A very much loved (and legendary) family friend took us to Quincy, where we had plans to spend the entire day on his new boat, ‘Sláinte’ to lap up the sunshine and see the city from a different perspective.
We walked down the boardwalk past busy bars and restaurants overlooking the harbour where Sláinte was waiting for us, with music playing, beers on ice and plenty of comfort and a fridge full of surprises below deck. Before you could say ‘sailor’, Ray had made my sister, my Mam and I ‘Boat cocktails’; a tasty mix of club soda, lemonade and plenty of orange vodka that Ray’s wife Kristin (who would join us later, along with my workaholic Dad who scheduled a Saturday meeting…weirdo) created for this very kind of weekend boat excursion. They were served in red cups too…squeal! Just like in American movies!
Our day on the boat was one for the books. The weather was beautiful, Ray was the perfect host and tour guide and everyone was in the best mood! I never got tired of waving to people partying on other boats, or lying on the brow chatting with my sis and drinking way too much prosecco. Damn you Ray, your generosity and kindness has created more than a few post-party fuzzy heads over the years.

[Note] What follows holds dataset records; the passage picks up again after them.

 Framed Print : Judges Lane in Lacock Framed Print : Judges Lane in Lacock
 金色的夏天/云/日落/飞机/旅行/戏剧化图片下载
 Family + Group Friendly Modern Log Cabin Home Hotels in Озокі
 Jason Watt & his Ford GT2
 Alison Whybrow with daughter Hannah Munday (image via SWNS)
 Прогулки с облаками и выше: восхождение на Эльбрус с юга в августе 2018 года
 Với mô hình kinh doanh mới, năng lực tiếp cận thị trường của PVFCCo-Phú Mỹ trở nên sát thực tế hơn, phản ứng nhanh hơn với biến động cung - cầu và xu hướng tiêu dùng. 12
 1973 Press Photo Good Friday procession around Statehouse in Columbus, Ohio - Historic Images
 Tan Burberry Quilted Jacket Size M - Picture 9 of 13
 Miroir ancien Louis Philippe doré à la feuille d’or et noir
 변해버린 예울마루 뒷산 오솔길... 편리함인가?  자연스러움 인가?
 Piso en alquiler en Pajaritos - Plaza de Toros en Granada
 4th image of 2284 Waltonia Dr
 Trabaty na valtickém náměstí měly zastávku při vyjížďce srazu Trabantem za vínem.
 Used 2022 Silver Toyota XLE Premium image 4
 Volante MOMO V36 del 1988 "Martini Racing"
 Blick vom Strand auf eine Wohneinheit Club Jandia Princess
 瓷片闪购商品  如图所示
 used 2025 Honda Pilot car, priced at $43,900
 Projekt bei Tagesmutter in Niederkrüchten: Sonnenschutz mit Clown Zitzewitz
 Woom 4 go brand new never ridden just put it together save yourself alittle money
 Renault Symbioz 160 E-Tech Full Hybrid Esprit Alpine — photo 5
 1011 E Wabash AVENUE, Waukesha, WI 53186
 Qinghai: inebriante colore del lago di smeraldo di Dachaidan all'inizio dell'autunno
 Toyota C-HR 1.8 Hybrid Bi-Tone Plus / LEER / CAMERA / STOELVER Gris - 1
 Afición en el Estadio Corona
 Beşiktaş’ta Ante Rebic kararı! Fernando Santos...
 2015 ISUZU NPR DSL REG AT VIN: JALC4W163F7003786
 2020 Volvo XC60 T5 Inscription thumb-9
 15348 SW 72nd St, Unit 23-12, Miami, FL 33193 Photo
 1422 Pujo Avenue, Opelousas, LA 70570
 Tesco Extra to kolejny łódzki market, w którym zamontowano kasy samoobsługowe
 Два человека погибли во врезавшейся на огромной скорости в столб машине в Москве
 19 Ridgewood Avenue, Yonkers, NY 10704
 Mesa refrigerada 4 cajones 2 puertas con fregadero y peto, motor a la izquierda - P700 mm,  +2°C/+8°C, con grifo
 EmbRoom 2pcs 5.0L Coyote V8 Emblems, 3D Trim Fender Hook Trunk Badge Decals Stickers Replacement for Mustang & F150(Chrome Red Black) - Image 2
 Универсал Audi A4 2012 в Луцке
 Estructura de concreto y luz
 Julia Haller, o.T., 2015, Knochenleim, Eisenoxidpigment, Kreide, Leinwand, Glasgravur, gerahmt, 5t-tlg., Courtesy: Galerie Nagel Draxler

We had sandwiches for lunch on the boat that Ray ordered in from a local deli (I had a spicy beef sub which was delicious!) and it wasn’t long when we finished that the Boston skyline was in sight. Ray parked the boat at Boston Harbour’s Fort Point Channel where the famous Boston Tea Party took place in 1773 and we took to land to grab a pint at The Barking Crab, an outdoor restaurant overlooking the harbour that featured on Man v. Food.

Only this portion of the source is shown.